[Short descriptive text snippets]
━━━━━━━━━━━━━━━━
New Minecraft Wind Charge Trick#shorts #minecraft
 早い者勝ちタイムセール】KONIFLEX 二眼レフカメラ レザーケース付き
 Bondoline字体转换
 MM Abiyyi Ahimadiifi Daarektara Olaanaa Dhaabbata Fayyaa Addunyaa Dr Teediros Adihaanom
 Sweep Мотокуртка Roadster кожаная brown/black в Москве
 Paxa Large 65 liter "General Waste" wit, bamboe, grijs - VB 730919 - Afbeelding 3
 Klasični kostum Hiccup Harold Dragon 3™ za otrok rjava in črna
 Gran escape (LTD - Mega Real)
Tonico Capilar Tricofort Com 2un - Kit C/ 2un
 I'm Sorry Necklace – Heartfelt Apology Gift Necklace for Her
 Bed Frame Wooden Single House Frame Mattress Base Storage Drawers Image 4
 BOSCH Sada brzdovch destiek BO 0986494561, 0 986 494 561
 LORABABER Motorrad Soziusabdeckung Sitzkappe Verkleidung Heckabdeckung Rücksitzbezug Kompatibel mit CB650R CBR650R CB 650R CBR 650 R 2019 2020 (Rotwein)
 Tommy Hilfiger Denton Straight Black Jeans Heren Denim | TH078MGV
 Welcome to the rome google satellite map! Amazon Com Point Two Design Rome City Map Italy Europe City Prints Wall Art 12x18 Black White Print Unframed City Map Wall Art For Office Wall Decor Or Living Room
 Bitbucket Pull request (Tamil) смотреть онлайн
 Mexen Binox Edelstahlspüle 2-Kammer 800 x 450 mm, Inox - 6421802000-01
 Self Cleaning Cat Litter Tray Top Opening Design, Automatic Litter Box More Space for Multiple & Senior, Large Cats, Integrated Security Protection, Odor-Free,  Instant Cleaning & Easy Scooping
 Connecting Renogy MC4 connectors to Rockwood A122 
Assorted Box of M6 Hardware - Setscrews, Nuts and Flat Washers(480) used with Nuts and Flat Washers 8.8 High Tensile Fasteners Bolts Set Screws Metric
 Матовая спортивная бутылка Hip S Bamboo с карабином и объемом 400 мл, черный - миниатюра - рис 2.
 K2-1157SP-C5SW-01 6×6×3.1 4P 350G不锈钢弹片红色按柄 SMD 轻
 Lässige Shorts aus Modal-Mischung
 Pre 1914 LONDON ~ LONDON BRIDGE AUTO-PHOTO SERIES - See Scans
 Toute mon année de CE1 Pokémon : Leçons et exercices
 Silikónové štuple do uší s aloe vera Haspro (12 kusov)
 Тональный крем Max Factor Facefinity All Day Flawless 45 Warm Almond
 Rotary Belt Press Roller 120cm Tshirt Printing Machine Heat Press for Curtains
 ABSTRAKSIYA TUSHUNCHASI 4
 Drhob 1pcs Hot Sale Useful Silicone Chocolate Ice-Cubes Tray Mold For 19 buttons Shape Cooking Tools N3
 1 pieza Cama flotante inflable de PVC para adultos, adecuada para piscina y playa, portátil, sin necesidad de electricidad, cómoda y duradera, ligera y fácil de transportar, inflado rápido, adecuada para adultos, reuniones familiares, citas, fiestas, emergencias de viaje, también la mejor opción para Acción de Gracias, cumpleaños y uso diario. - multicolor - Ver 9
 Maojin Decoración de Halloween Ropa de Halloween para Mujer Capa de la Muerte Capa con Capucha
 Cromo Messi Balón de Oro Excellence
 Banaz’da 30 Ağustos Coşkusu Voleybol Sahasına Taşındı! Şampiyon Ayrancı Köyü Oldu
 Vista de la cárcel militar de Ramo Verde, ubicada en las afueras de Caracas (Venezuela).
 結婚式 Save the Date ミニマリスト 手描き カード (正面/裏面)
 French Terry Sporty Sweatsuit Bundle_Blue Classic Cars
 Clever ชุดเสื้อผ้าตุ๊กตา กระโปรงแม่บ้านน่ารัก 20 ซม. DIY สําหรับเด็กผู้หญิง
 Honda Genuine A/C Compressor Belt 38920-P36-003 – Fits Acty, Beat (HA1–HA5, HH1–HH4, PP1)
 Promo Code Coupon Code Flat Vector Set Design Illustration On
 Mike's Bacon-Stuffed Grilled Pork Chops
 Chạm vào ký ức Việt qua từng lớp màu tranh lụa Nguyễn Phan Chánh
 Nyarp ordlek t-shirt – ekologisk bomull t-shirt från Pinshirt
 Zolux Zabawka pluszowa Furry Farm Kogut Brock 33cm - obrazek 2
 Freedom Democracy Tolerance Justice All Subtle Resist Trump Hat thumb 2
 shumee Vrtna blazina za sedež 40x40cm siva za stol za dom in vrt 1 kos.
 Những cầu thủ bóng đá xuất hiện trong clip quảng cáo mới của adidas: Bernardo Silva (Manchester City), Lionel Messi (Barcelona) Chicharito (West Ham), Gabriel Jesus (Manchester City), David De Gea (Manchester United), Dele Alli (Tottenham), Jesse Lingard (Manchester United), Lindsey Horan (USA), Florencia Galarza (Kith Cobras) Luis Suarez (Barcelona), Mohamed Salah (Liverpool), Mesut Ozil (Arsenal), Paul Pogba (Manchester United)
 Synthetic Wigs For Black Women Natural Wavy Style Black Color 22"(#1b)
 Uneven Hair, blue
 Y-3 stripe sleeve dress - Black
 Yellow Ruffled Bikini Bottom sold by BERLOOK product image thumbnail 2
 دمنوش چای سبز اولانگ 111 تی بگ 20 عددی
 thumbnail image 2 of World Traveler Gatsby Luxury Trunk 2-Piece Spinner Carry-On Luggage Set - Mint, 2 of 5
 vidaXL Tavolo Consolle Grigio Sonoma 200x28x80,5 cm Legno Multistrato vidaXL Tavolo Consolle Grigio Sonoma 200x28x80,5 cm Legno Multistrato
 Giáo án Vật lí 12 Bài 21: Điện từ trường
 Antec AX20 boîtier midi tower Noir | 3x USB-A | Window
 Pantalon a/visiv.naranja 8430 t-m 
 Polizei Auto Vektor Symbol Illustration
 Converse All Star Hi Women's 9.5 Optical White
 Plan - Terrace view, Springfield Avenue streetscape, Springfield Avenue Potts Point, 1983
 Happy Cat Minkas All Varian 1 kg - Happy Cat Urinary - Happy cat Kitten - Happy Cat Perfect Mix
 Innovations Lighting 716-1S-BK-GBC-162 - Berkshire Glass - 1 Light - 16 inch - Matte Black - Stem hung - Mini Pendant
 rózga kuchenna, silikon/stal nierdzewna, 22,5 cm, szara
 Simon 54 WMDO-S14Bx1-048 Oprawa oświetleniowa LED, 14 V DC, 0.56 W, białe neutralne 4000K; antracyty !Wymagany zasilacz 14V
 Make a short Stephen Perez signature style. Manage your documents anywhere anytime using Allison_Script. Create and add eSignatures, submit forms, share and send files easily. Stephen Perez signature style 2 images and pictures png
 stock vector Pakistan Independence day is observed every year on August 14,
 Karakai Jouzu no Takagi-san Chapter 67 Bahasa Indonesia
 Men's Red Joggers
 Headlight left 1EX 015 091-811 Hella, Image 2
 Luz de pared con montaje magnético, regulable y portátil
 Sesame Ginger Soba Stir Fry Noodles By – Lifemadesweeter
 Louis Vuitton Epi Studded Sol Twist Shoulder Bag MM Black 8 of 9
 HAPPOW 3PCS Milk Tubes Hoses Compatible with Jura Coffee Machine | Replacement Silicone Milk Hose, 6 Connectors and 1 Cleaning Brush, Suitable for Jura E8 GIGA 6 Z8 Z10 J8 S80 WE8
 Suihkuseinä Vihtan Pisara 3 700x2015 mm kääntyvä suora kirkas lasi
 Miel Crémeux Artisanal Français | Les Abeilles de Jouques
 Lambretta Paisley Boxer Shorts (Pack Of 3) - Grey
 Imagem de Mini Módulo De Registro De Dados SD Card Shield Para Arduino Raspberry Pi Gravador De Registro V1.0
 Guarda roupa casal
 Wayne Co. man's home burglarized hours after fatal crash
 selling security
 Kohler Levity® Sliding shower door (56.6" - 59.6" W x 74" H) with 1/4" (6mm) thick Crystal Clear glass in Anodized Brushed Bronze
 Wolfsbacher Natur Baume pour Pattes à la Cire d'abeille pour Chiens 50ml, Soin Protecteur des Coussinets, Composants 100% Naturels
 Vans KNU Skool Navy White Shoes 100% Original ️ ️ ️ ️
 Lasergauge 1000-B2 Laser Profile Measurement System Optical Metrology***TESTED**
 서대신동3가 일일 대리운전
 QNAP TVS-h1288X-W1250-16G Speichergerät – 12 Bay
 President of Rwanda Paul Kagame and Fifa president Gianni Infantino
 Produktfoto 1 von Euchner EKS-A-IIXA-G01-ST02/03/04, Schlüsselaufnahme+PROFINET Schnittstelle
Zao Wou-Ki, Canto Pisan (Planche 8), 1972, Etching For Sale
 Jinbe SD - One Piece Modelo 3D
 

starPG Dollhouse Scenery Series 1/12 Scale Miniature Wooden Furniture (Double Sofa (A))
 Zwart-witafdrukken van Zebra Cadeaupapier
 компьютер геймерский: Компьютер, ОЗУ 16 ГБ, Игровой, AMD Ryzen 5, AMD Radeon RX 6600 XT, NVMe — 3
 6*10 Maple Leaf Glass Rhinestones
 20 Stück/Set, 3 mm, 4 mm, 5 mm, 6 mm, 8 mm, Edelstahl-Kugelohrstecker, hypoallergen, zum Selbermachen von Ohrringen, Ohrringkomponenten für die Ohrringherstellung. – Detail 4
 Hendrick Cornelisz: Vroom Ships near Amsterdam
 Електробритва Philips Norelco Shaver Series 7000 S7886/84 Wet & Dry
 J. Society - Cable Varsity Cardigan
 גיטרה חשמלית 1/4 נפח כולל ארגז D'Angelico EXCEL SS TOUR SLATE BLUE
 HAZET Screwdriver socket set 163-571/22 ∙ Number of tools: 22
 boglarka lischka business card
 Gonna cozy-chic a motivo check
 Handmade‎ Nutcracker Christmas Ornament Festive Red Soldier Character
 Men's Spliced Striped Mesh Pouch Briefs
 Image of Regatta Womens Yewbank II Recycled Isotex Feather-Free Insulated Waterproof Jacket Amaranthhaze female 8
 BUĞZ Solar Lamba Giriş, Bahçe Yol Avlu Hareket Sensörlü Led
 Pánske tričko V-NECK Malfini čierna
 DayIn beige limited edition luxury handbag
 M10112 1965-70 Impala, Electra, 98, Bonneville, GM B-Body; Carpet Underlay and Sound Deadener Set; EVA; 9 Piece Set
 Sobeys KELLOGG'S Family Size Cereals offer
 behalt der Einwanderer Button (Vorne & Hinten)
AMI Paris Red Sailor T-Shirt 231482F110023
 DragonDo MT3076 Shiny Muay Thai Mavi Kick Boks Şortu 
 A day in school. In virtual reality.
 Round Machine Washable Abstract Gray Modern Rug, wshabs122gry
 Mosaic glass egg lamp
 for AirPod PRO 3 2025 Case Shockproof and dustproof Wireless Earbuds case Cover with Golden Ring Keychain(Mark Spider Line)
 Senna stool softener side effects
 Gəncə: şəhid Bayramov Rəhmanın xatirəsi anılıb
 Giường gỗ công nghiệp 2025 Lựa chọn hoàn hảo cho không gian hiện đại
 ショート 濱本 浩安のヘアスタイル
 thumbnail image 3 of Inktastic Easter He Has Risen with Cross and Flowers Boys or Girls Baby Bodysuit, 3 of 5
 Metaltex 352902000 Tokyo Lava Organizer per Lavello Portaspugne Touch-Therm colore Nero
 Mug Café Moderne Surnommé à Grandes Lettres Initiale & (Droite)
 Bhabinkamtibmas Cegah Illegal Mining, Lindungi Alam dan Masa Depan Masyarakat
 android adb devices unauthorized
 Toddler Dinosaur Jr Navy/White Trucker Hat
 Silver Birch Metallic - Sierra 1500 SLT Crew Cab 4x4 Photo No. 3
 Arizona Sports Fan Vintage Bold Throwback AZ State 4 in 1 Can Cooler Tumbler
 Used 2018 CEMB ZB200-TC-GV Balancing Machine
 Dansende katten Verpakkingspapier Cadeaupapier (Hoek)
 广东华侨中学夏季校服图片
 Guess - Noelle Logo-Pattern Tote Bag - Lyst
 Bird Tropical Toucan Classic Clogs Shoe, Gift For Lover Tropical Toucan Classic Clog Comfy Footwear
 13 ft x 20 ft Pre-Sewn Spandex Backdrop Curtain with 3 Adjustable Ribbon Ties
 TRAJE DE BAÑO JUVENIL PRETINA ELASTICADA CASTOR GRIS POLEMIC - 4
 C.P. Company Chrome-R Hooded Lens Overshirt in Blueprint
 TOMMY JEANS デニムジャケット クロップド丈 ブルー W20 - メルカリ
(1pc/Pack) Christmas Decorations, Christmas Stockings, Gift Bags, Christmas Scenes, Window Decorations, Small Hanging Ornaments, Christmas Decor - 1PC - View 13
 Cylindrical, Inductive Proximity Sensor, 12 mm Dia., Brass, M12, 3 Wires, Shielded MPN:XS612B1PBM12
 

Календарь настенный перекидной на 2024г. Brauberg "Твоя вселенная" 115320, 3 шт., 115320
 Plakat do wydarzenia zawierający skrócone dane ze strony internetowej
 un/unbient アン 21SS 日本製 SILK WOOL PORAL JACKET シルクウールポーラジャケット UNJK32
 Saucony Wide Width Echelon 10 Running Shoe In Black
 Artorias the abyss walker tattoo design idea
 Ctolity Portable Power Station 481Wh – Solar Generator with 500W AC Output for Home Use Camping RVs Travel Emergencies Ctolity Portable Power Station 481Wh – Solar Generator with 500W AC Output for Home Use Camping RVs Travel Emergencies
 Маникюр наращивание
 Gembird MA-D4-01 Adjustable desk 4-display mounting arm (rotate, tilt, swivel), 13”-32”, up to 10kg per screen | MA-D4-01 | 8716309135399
━━━━━━━━━━━━━━━━
What the task asks: Please reply with an exact copy of the lines above, starting at the first and ending at the line that holds "Sweep Мотокуртка Roadster".

Written solution:
New Minecraft Wind Charge Trick#shorts #minecraft
 早い者勝ちタイムセール】KONIFLEX 二眼レフカメラ レザーケース付き
 Bondoline字体转换
 MM Abiyyi Ahimadiifi Daarektara Olaanaa Dhaabbata Fayyaa Addunyaa Dr Teediros Adihaanom
 Sweep Мотокуртка Roadster кожаная brown/black в Москве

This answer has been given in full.